Une approche a été de répercuter les décisions de la Réserve Fédérale des États-Unis. La Banque centrale américaine a déjà réduit son taux directeur de 0,5 %. Est-ce suffisant pour justifier une baisse du taux directeur à Maurice ?
Non, pas de manière systématique. La Bank of Mauritius doit calibrer sa politique monétaire en prenant en considération les réalités mauriciennes et non celles des États-Unis ! Les contextes sont divergents. La Réserve Fédérale agit/réagit par rapport au contexte économique américain – en surchauffe ou en récession. Maurice doit gérer la cherté de la vie liée aux importations, et soutenir sa croissance postpandémique.
Un écart entre les taux directeurs de la Banque de Maurice et de la Fed pourrait, certes, exercer une pression sur la roupie. N’empêche que la stabilité récente de la roupie et le niveau robuste des réserves offrent une marge de manœuvre suffisante.
Pour résumer, la Banque centrale doit surveiller la Réserve fédérale, mais décider pour Maurice !

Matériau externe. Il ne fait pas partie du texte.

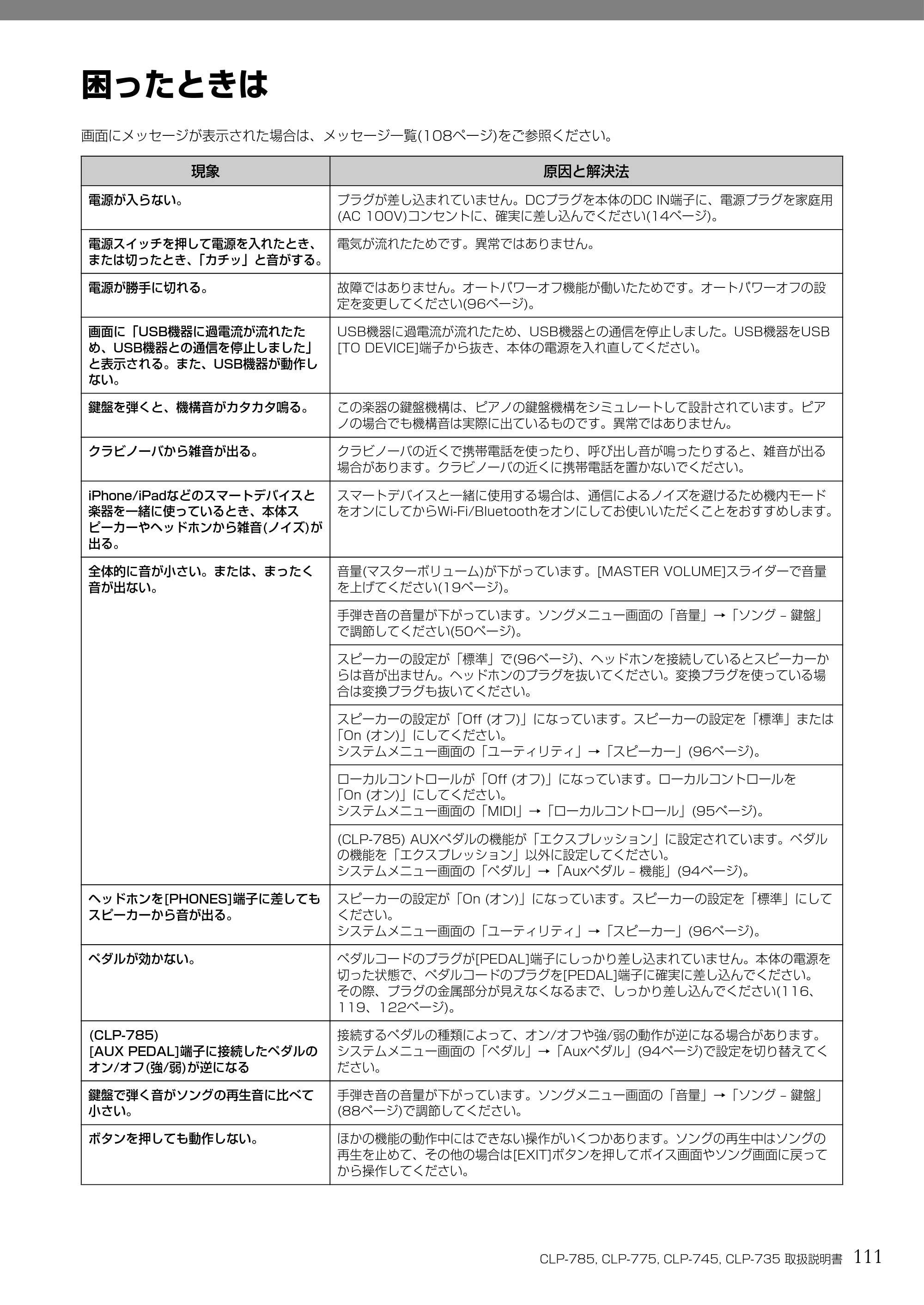 ヤマハ CLP-785 / CLP-775 / CLP-745 CLP-785/CLP-775/CLP-745/CLP-735 取扱説明書 — 困ったときは — 原本ページ — 111ページ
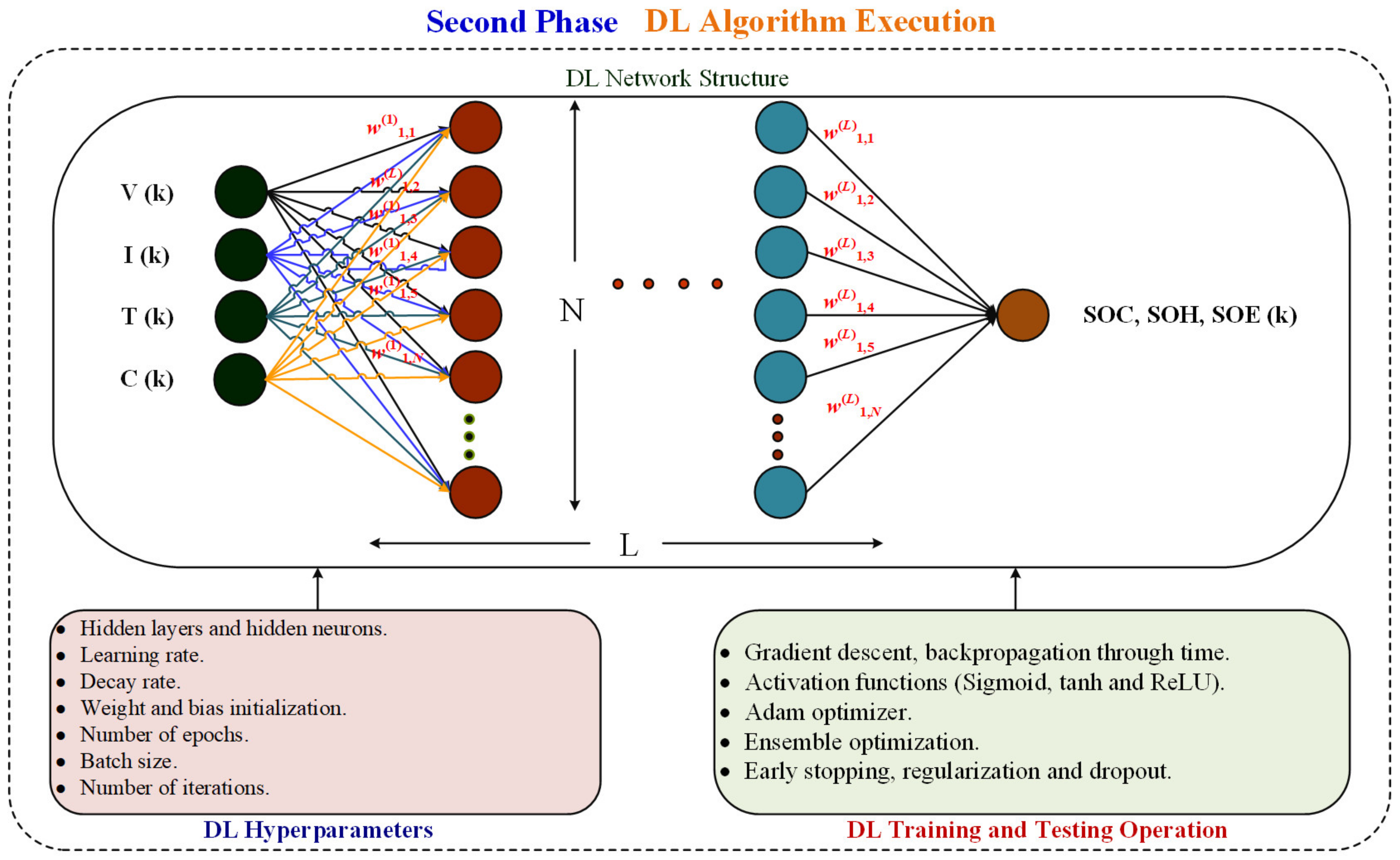 Energies 16 00023 g003 Energies 16 00023 g003
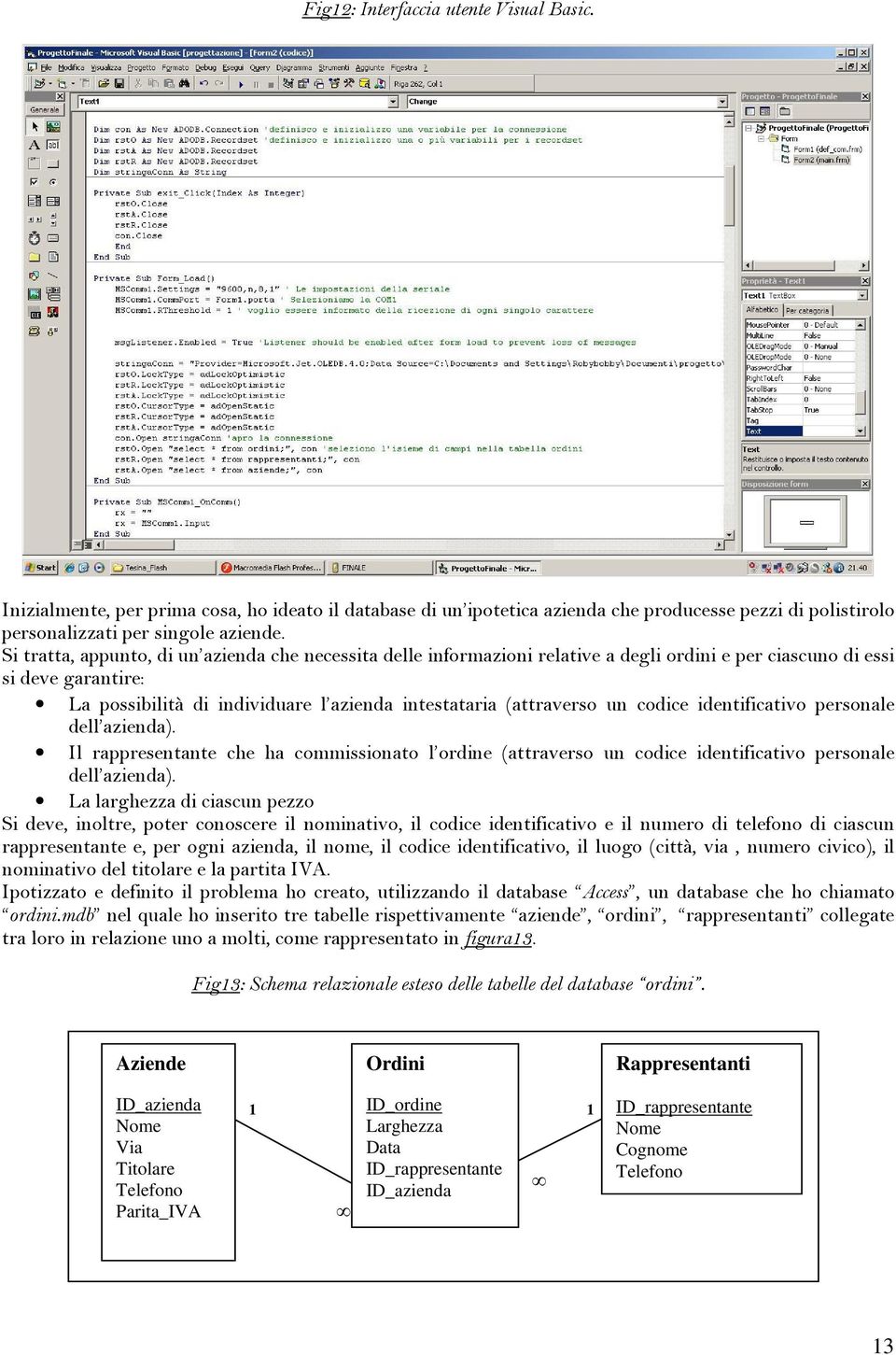 un codice identificativo personale dell azienda). Il rappresentante che ha commissionato l ordine (attraverso un codice identificativo personale dell azienda).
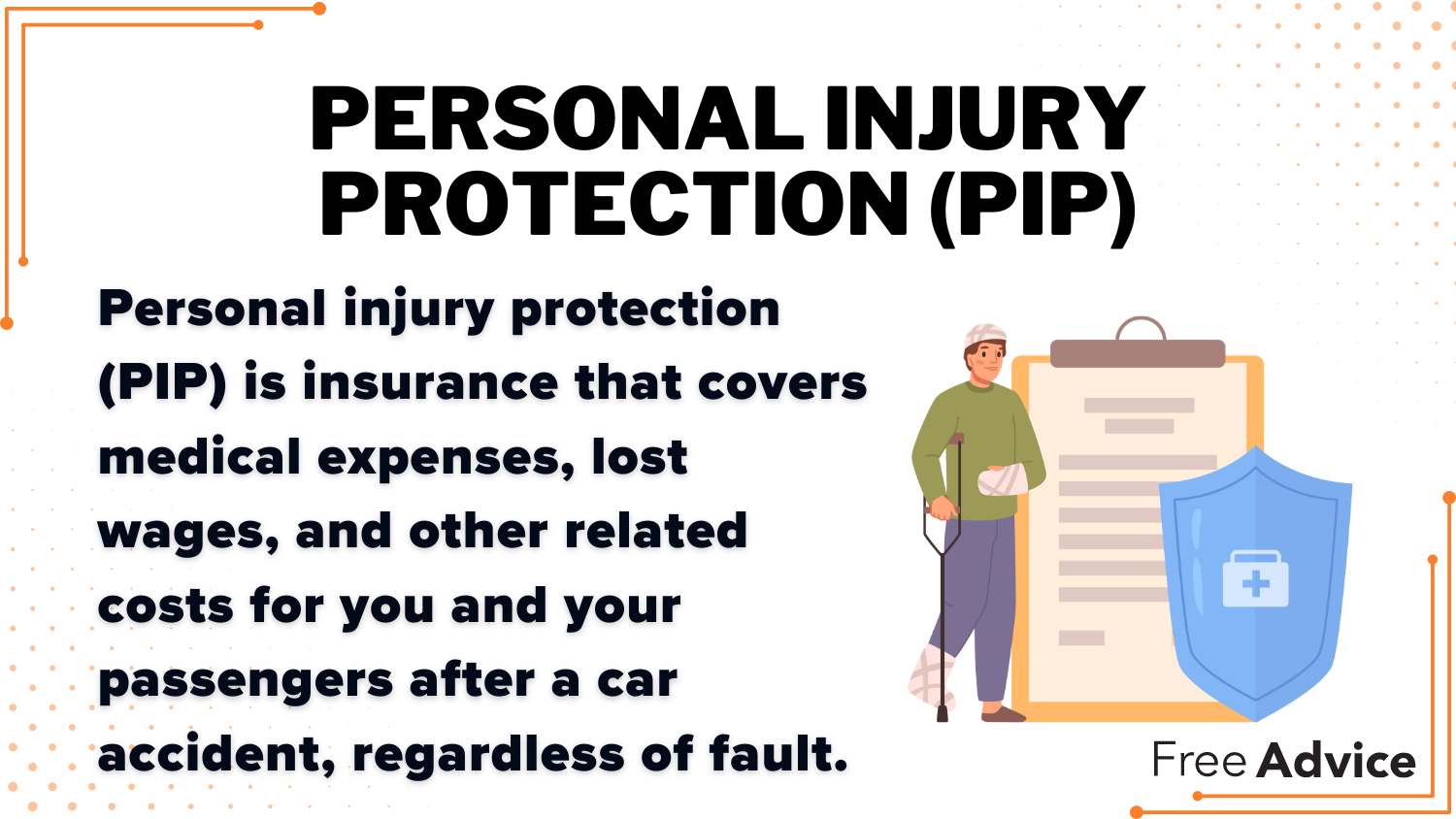 Personal Injury Protection Definition card: Auto Insurance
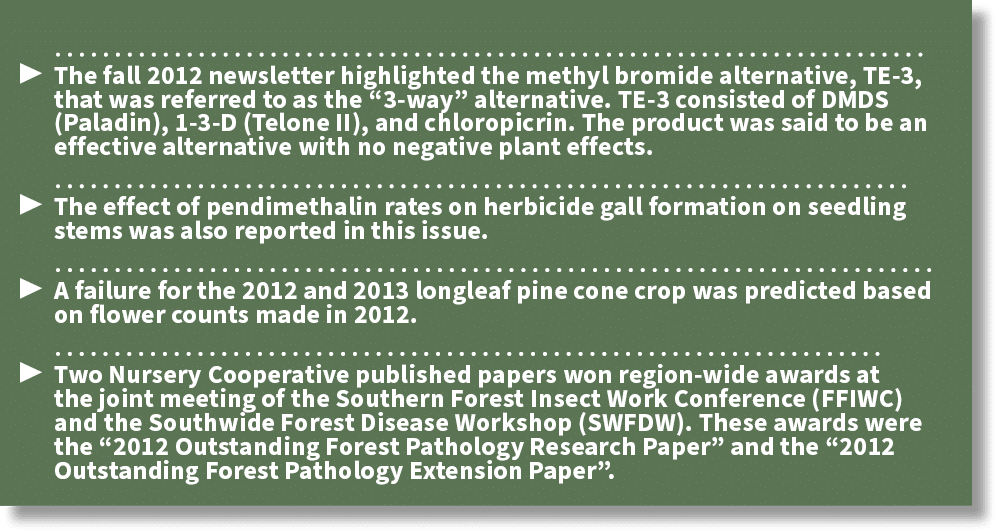 20 Years Ago - Article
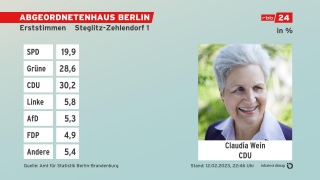 Grafik: Erststimmen, Absolute Zahlen - Endergebnis Steglitz-Zehlendorf 1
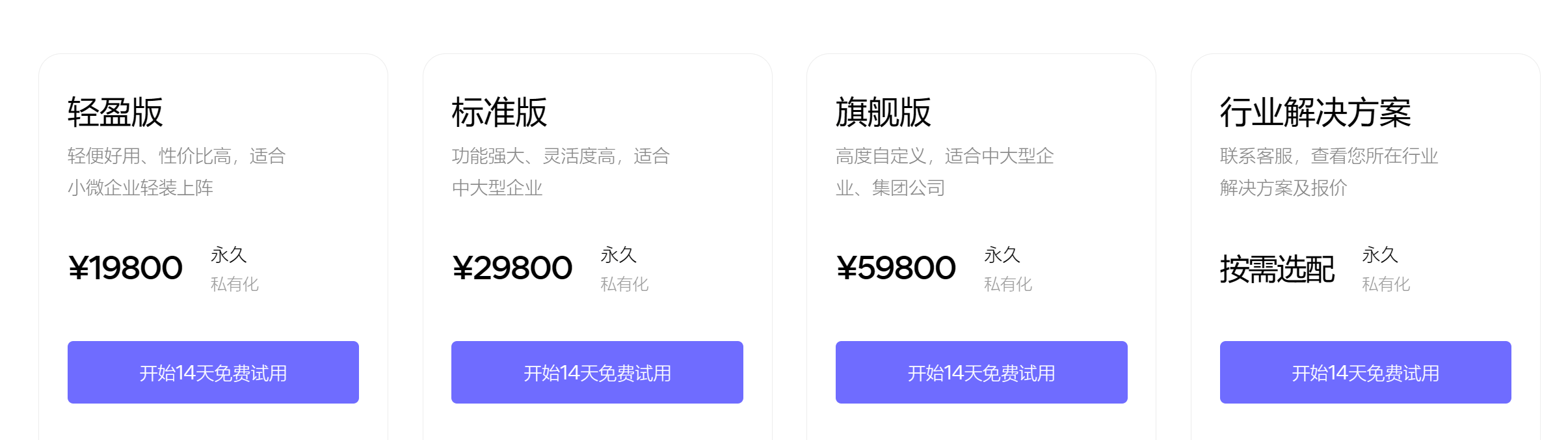 CRM軟件報價 CRM軟件報價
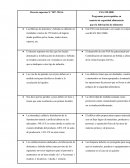 Decreto supremo N.º 007- 98-SA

La décision sur les taux n’est que la partie émergée de l’iceberg, car le comité de politique monétaire définit une vision stratégique. Quels sont ces messages clairs auxquels vous vous attendez en tant qu’économiste ?
Il faudra : (i) réaffirmer avec une clarté absolue que la lutte contre l’inflation et la protection du pouvoir d’achat sont la priorité numéro un, (ii) reconnaître publiquement le dilemme entre la stabilité des prix et le soutien à l’activité, montrant ainsi une compréhension des réalités sociales, et (iii) esquisser une feuille de route pour moderniser le secteur financier, en évoquant le rôle de la finance verte et de la FinTech comme leviers d’une économie mauricienne plus résiliente et inclusive.
Évolution de l’inflation en 2025
L’inflation globale reflète l’évolution des prix sur une moyenne d’un an. Cette mesure constitue une meilleure indication de la tendance réelle. D’ailleurs, c’est elle qui est prise en considération par l’équipe économique de la Banque de Maurice. Pour une économie comme Maurice, qui est un importateur net, l’inflation devrait se situer dans une fourchette comprise entre 2 % et 5 %.
La seconde mesure utilisée est l’inflation en glissement annuel, plus volatile, et qui évolue plus rapidement à la hausse ou à la baisse que l’inflation globale. Par exemple, l’inflation globale est passée de 2,5 % en mars à 2,6 % en avril. Cependant, l’inflation en glissement annuel s’est accélérée de 1,8 % à 3,8 %.